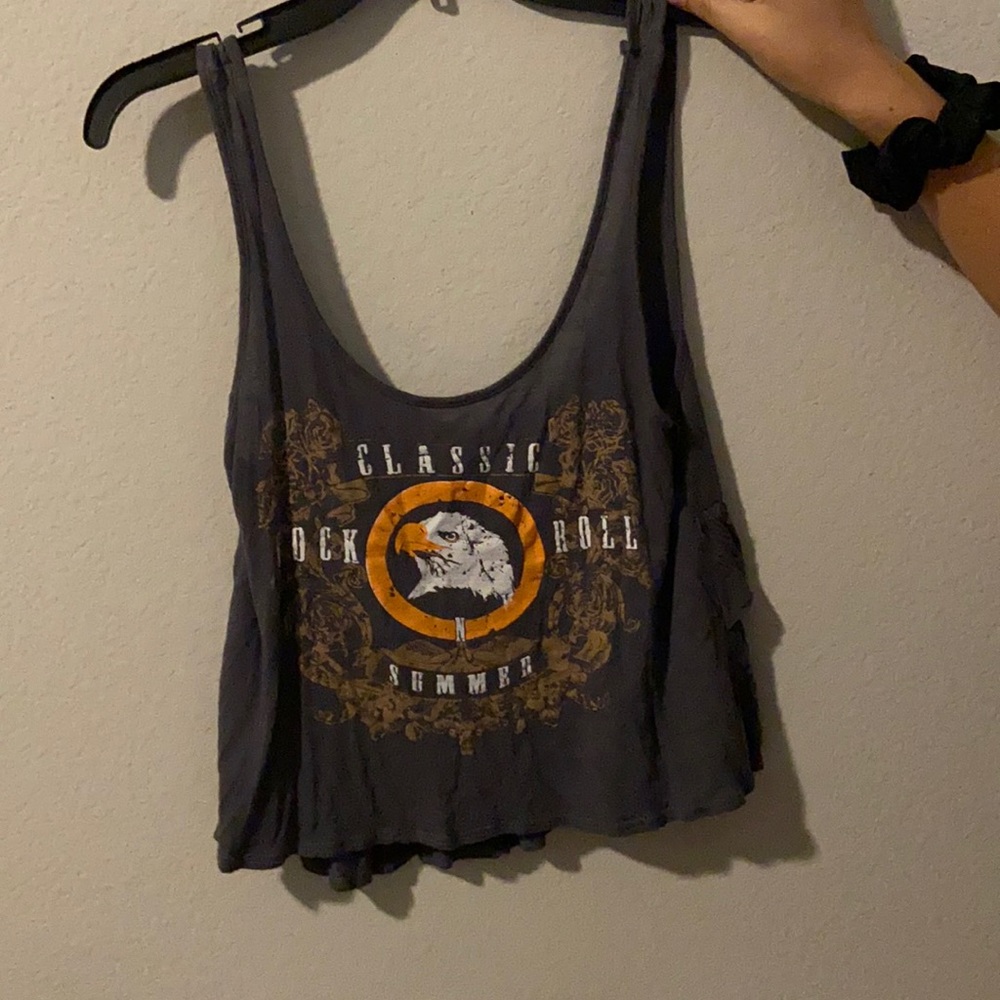 Flowy tank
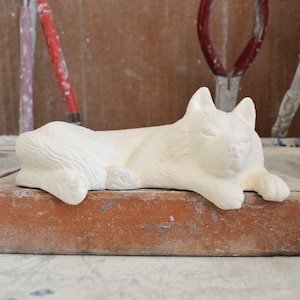 Ready to Paint-Small Shelf Husky - S-2795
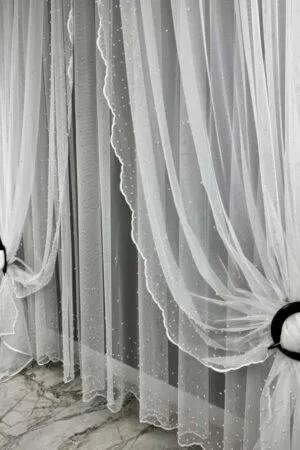 Firanka z siatki tureckiej z perełkami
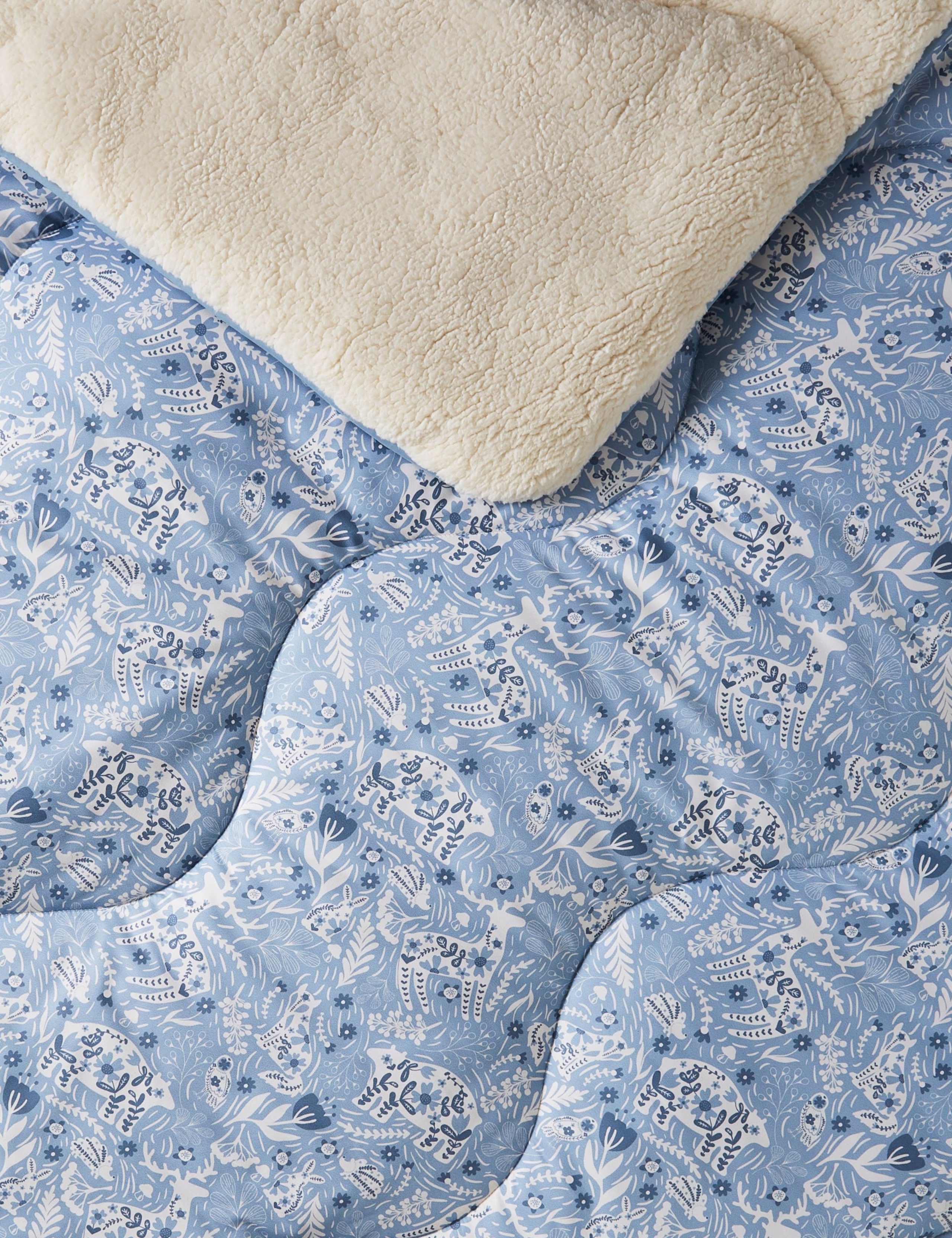 Cosy Fleece Winter Wonderland Throw 4 of 5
■ ■ ■ ■
▶ What is needed
Reproduce the final stretch of lines exactly: the line containing "Firanka z siatki tureckiej z perełkami" through the last line of the data, both included. Pictures do not belong in the copy.

▶ Written answer
 Firanka z siatki tureckiej z perełkami
 Cosy Fleece Winter Wonderland Throw 4 of 5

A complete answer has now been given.